DATA PROVIDED:
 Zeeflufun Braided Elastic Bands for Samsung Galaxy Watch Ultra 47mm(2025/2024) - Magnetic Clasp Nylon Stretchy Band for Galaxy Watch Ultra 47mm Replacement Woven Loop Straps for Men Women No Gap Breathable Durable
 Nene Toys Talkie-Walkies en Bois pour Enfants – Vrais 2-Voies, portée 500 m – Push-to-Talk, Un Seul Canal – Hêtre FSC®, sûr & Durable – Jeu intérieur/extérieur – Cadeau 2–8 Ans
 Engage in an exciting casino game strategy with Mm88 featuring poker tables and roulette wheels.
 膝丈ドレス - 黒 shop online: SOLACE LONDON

TASK: Print from the line containing "Engage in an" to the last line above, exactly as written.

SOLUTION TO THE PROBLEM:
 Engage in an exciting casino game strategy with Mm88 featuring poker tables and roulette wheels.
 膝丈ドレス - 黒 shop online: SOLACE LONDON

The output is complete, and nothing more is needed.